CDK9 as part of P-TEFb binds to TAR RNA in the presence of Tat. (A) Different TAR sequences were used in our RNA binding studies. The wild-type TAR contained the entire TAR (60 nucleotides) and an additional 20 nucleotides to the HindIII site at its 3′ end. Δbulge lacked the 5′ bulge (circled boldface letters). Δloop lacked 4 nucleotides of the central loop (boldface letters). Only relevant nucleotides from the upper stem are presented; the rest of the loop is schematized by the railroad track. (B) All three TAR sequences were labeled equivalently, and Δloop migrated faster on these 10% polyacrylamide gels. Immunoprecipitated P-TEFb complex (from HeLa cells expressing HA-tagged CDK9) bound to the wild-type but not mutant TAR sequences only in the presence of Tat (compare lanes 1 and 2 to lanes 3, 4, 5, and 6).

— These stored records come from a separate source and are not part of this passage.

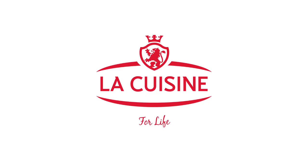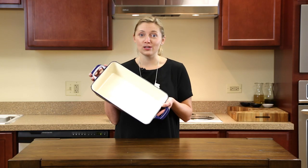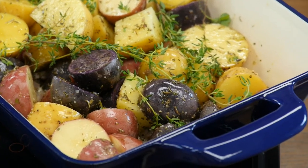Hi, Addie here from Recipe Lion and today I'm cooking with La Cuisine. La Cuisine is beautiful enameled cast iron and I'm using this 3 inch deep 14 by 9 inch pan today with a 3.9 quart capacity which is perfect for lasagna, roasted meats and casseroles.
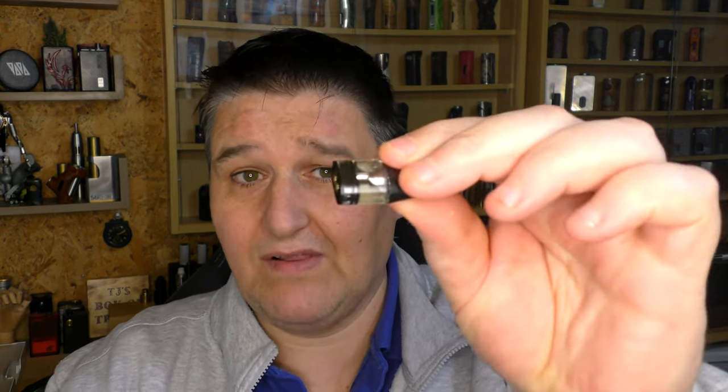My only grumble is I can't wrap my head around why they have to release the FC and non-FC versions to market at the same time, when the non-FC one comes with a bigger battery — which is what you would want. Also, please remember you can't change the coil out in these pods — you have to buy the whole pod. As for pricing, I don't know what that is yet, but as usual with Geek Vape, you'll be able to buy them from anywhere.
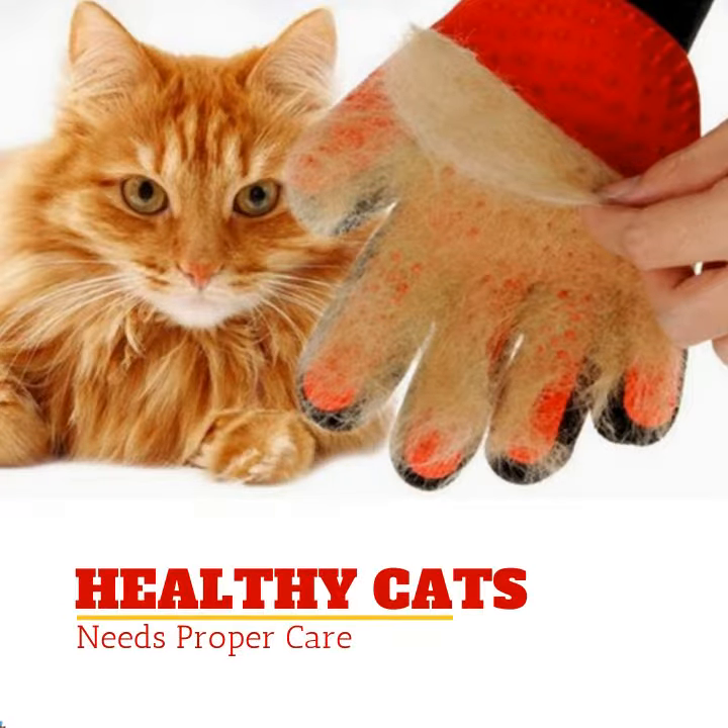There are pet products like the Pet DeShedding Glove Grooming Tool that can help you remove all of that shedding hair. This Pet DeShedding Glove is easy to clean. It can be used as a pet grooming kit because it desheds, removes fur from pets and furniture, massages, and can be used for baths. The Pet DeShedding Glove can be used on both long or short-haired cats.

In the absence of HA-tagged CDK9 (wild-type HeLa cells), no binding to TAR was observed even in the presence of Tat (lanes 5 and 6). wt, wild type; nt, nucleotide(s).

FIG. 5

A model for interactions among Tat, P-TEFb, and TAR. CDK9 exists in the P-TEFb complex in cells. This complex minimally contains CDK9 and cyclin T1. Tat binds to P-TEFb in the absence of TAR. This complex has also been referred to as the Tat-TAK (Tat-associated kinase) complex. The assembly of the Tat–P-TEFb complex results in the formation of a high-affinity surface for the binding to TAR RNA. Both the 5′ bulge and central loop are required for these protein-RNA interactions. Upon binding to TAR, CDK9 can then phosphorylate the CTD of RNAPIIo and possibly other targets, which results in efficient elongation of viral transcription. Importantly, the kinase activity of CDK9 and the presence of cyclin T1 are required for these effects.